POMS GN 00305.030(B)(2)(b).

The claimant presented evidence that we believe is sufficient to support a presumption of ceremonial marriage under the POMS. The federal tax refund check and the 2004 real estate assessment notice support the claimant and the insured’s statements that they filed taxes jointly as a married couple and purchased property as husband and wife. Birth certificates dating back to 1983 that list the claimant and the insured as the child’s parents and refer to them by the same last name are also consistent with a marital relationship. Therefore, the claimant is entitled to auxiliary benefits on the insured’s record.

CONCLUSION

We are uncertain whether South Dakota courts would consider the claimant’s marriage to the insured invalid for want of an official marriage certificate or deed. Nonetheless, we believe the claimant has provided sufficient supporting evidence to support a presumption of a valid ceremonial marriage under POMS GN 00305.030(A). Therefore, she is entitled to auxiliary benefits on the insured’s record.

John Jay Lee

Acting Regional Chief Counsel,

By:________________

Yvette G. Keesee

Assistant Regional Counsel


Footnotes:

[1]

The only reference to an “arranged marriage” in the documents we received is a statement by Janet , who alleged she has known the claimant and the insured since they immigrated to South Dakota nearly 30 year ago, that “Tofan has spoken of their arranged marriage.” See attached SSA-753.

[2]

The insured stated:

I purchased 80 meters of different colors of silk, two sheep, 300 pounds of rice, bushels of dry fruits & candy, along with other supplies, which was handed over to 15 women (including two of my sisters & my grandmother) who traveled 20 miles to Lalbakhta’s village where they joined many other women (including her mother and her sister) on August 6th, 1968.

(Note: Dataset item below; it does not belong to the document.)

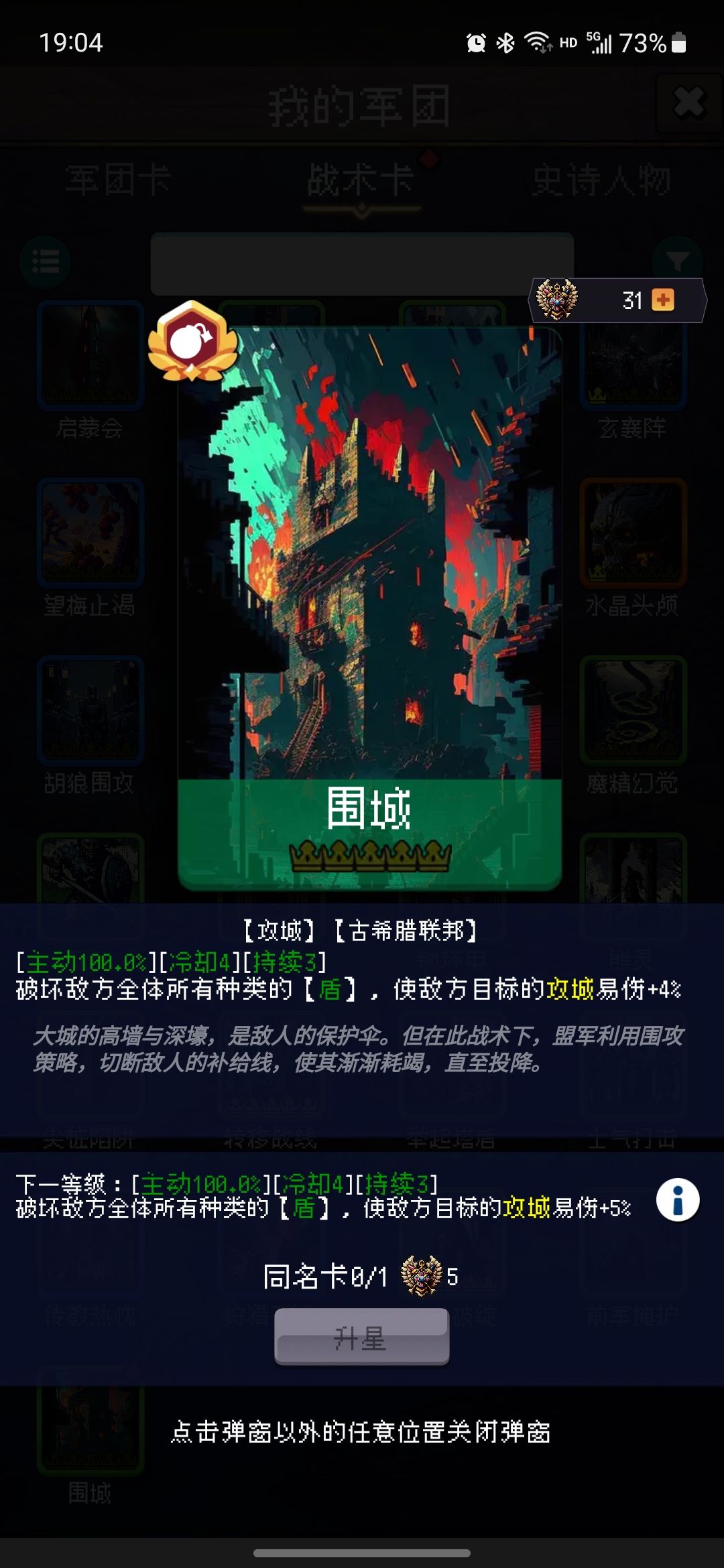 零充的战术卡 9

All of the women group worked 3 days to sew La[l]bakhta’s wedding dress, fix her hair, makeup, etc. They sang, played drums, [and] girls danced along.

The afternoon of August 8, 1968, Lalbakhta was accompanied by 15 women, her older sister, [and] two of her aunts to come to my house[.] Everyone joined our wedding celebrations[.] They danced, sang, played drums, ate foods[.] Their number was in the 100s[.] At 9:30 pm, a clergy man of my tribe assigned two elders (one from each village) to witness & hear our pledge of marriage as husband & wife. Lalbakhta is the only one I have been married [to] my whole life.

[3]

It appears that in 1983, the family’s surname was Tofan (now the insured’s first name), and the insured used A~ (now the family’s surname) as his middle name. In 2004, the State of South Dakota Department of Health amended the child’s official birth certificate to reflect a name change from A Tofan to Asa.

[4]

We did not consider whether the claimant and the insured could have established a valid common law marriage while living in South Dakota, since the state does not does not recognized common law marriages contracted in the state on or after July 1, 1959. See S.D. Codified Laws § 25-1-29.

[5]

The analyst was unable to locate a printed or online English translation of the law and had to rely on secondary sources. He cautioned these factors made it difficult to assess the validity of a marriage that occurred in 1968 and to determine “whether there were specific provisions in the law that regulated ‘arranged marriages’ in particular.”

[6]

It appears the claimant and the insured never obtained an official marriage certificate or deed. In fact, the claimant does not allege an official marriage certificate or deed was among the items her family lost when the Russians invaded Afghanistan.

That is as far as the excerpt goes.